── Given material

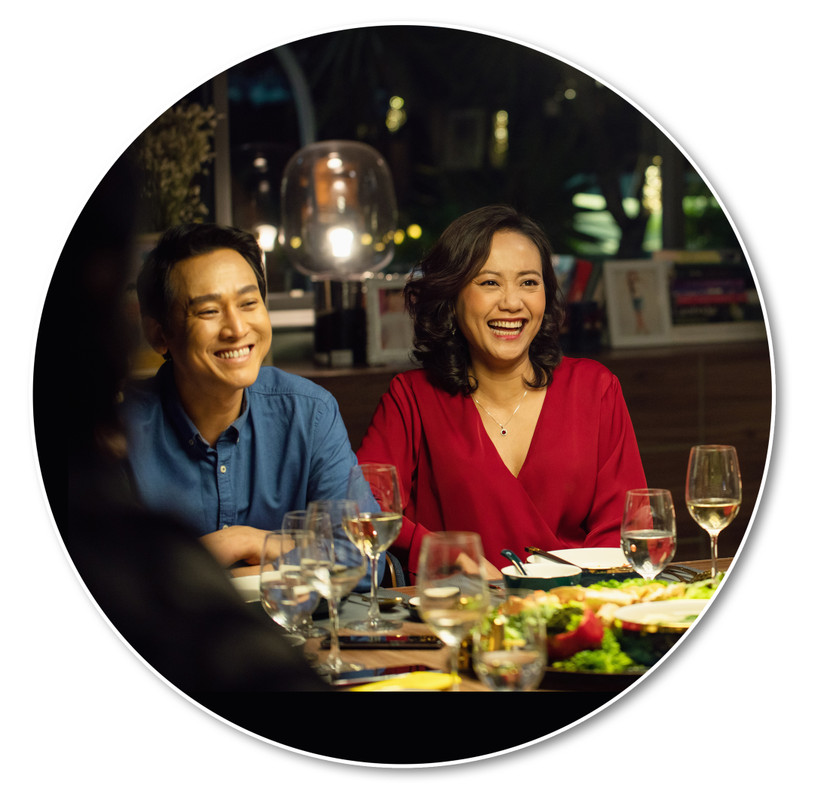 Vợ chồng Quang - Ánh (Hứa Vỹ Văn - Hồng Ánh đóng) trong phim “Tiệc trăng máu” Vợ chồng Quang - Ánh (Hứa Vỹ Văn - Hồng Ánh đóng) trong phim “Tiệc trăng máu”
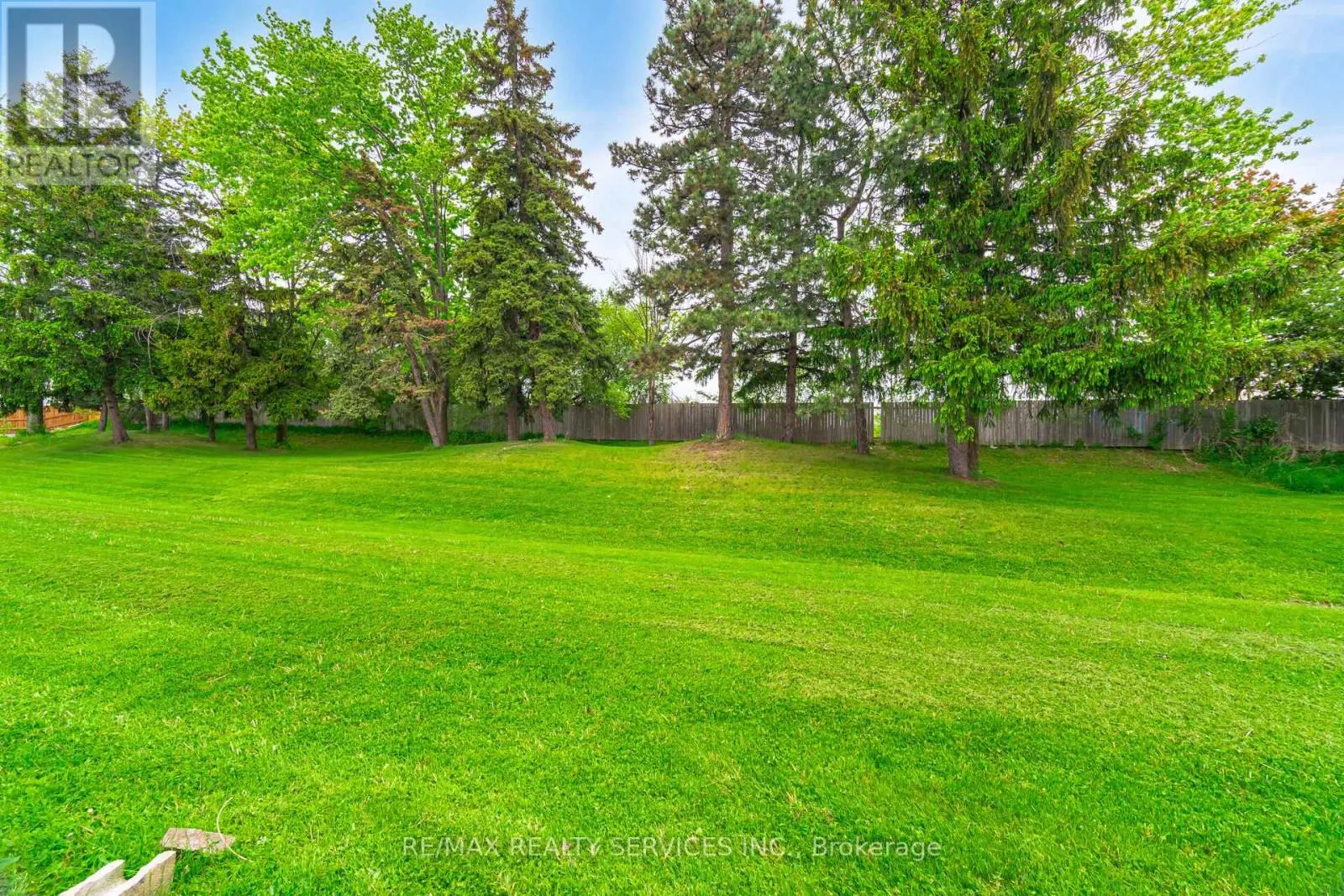 65 - 3525 BRANDON GATE DRIVE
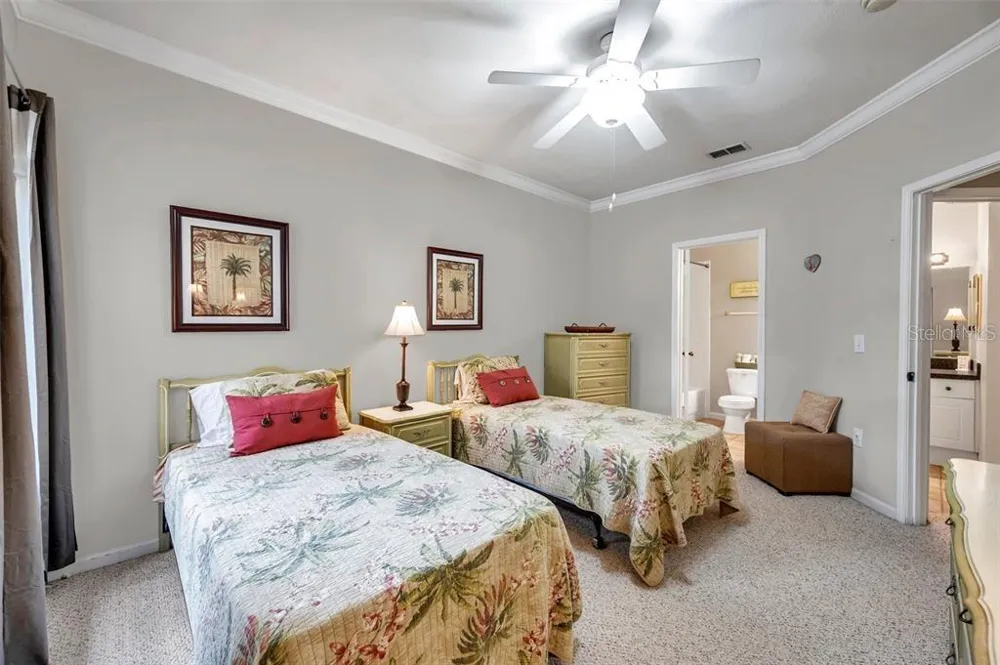 2279 PORTOFINO PLACE #20-202 Palm Harbor, FL 34683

────

Required work
After locating the line with "65 - 3525 BRANDON GATE DRIVE", transcribe it and the rest of the data above exactly as written, without any picture.

Task result
 65 - 3525 BRANDON GATE DRIVE
 2279 PORTOFINO PLACE #20-202 Palm Harbor, FL 34683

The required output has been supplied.